TASK TO CARRY OUT: Your job with the data below is to output exactly the lines from the one holding "PERRY - PER1TITE540" down to the one holding "Set piccolo coltelli", both included, and no others.

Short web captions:
◆ ◆ ◆ ◆ ◆ ◆ ◆
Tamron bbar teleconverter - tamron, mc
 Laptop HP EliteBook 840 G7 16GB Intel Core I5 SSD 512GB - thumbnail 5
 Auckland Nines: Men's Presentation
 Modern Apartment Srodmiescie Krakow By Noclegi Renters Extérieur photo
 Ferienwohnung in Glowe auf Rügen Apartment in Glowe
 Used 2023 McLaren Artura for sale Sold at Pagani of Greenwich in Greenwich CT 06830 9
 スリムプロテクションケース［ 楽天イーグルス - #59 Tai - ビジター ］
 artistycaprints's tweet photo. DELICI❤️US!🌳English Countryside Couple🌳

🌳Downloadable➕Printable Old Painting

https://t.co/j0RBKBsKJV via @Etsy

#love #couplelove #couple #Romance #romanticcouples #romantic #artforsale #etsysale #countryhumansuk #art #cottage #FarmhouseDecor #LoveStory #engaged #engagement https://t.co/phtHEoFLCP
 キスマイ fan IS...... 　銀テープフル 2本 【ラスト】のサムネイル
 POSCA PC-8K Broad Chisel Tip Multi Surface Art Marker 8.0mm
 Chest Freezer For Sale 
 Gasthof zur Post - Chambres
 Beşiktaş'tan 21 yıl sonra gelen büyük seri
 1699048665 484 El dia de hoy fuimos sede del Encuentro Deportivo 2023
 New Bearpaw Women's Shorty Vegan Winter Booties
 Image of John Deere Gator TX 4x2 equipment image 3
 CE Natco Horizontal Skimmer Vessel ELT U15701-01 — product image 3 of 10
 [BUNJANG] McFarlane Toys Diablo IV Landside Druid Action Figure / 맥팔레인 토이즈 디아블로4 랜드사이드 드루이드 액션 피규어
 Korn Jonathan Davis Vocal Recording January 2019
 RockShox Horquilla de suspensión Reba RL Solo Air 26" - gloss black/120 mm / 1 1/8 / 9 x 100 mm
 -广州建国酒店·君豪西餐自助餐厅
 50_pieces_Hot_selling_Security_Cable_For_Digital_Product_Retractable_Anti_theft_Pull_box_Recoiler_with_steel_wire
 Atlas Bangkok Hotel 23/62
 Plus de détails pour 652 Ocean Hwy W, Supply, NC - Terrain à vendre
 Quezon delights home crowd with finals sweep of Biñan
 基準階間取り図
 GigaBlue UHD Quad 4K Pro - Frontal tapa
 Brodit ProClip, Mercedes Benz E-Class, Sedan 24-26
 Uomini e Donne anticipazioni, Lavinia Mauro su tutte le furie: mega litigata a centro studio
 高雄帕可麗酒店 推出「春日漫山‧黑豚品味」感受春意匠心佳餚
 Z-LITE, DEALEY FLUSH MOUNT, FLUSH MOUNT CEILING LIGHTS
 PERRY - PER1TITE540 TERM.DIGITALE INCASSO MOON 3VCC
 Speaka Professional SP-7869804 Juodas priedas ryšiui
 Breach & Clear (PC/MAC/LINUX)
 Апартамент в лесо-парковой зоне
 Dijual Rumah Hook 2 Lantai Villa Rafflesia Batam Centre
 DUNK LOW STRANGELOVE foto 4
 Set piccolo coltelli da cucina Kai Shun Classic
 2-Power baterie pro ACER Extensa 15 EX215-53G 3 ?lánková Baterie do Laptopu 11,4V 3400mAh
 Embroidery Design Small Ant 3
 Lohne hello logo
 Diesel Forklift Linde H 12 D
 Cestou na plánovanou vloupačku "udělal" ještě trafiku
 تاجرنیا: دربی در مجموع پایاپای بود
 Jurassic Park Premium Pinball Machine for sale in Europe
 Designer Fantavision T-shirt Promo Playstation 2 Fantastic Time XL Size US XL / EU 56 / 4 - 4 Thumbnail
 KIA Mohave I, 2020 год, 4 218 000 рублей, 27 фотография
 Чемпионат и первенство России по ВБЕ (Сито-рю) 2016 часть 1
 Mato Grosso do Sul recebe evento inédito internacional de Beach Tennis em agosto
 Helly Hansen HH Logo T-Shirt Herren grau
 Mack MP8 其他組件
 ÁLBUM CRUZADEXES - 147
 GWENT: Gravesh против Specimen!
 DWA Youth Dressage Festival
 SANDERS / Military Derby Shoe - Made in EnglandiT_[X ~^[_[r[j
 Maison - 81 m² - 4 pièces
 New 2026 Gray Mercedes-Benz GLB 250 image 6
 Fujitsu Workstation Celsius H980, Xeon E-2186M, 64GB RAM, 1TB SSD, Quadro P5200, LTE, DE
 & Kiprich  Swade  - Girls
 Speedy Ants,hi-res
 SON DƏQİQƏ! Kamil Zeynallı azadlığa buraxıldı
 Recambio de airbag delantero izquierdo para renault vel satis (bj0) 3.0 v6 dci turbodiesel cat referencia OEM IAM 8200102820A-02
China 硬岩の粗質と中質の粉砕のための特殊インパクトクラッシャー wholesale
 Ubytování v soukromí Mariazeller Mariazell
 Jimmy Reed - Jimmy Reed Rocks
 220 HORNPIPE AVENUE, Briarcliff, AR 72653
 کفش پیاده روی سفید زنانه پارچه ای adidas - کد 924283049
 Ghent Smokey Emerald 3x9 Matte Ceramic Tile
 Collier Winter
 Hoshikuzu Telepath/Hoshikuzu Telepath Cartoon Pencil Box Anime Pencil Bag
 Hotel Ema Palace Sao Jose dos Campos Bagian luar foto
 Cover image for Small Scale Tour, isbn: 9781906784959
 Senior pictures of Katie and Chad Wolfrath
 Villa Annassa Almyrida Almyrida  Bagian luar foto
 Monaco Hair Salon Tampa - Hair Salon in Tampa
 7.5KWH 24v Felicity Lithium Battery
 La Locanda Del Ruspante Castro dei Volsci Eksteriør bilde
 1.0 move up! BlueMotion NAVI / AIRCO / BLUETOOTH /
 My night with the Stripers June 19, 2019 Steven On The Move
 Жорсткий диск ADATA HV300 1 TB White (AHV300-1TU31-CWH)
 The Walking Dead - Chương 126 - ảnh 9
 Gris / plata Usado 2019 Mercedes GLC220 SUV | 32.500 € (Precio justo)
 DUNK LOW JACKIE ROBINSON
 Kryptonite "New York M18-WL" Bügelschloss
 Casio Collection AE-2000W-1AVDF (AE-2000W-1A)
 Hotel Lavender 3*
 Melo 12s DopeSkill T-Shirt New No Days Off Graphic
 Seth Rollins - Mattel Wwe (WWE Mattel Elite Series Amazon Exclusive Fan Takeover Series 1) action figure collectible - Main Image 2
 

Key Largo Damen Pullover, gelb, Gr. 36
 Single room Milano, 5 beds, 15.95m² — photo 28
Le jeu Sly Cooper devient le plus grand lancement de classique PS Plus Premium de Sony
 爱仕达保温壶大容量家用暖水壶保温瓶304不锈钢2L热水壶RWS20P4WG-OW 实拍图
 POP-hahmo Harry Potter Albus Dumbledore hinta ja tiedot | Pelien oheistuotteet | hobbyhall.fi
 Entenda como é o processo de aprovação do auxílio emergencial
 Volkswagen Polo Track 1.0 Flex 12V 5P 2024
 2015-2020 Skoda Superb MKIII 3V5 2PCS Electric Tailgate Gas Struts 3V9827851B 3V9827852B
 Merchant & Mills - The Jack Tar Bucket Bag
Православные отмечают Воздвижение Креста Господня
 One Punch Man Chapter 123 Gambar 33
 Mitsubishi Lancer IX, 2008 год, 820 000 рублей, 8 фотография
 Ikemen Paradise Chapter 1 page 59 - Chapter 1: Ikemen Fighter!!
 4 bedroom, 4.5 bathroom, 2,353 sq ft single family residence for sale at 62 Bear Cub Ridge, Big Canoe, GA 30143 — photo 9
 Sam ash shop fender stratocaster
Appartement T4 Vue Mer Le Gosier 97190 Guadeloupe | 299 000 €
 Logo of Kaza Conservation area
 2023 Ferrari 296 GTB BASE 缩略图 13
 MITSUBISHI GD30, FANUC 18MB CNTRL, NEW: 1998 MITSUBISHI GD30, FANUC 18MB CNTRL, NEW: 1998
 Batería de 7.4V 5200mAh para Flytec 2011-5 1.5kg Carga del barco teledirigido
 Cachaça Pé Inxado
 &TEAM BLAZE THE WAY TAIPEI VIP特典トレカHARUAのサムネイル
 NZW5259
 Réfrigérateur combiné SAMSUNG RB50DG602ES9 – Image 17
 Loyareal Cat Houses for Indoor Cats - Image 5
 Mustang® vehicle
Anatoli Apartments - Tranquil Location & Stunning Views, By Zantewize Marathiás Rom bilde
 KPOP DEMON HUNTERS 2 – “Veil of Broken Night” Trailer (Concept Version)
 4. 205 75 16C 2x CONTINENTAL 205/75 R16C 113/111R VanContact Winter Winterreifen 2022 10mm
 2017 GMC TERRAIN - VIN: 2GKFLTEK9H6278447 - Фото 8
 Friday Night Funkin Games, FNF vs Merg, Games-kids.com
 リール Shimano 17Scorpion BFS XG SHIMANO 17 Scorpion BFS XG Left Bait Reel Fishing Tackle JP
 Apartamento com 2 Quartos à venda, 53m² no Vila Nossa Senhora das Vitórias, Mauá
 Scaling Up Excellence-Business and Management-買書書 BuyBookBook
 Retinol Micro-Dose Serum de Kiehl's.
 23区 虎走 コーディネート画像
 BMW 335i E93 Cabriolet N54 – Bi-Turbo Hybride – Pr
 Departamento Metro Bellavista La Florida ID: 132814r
◆ ◆ ◆ ◆ ◆ ◆ ◆
EXERCISE RESULT:
 PERRY - PER1TITE540 TERM.DIGITALE INCASSO MOON 3VCC
 Speaka Professional SP-7869804 Juodas priedas ryšiui
 Breach & Clear (PC/MAC/LINUX)
 Апартамент в лесо-парковой зоне
 Dijual Rumah Hook 2 Lantai Villa Rafflesia Batam Centre
 DUNK LOW STRANGELOVE foto 4
 Set piccolo coltelli da cucina Kai Shun Classic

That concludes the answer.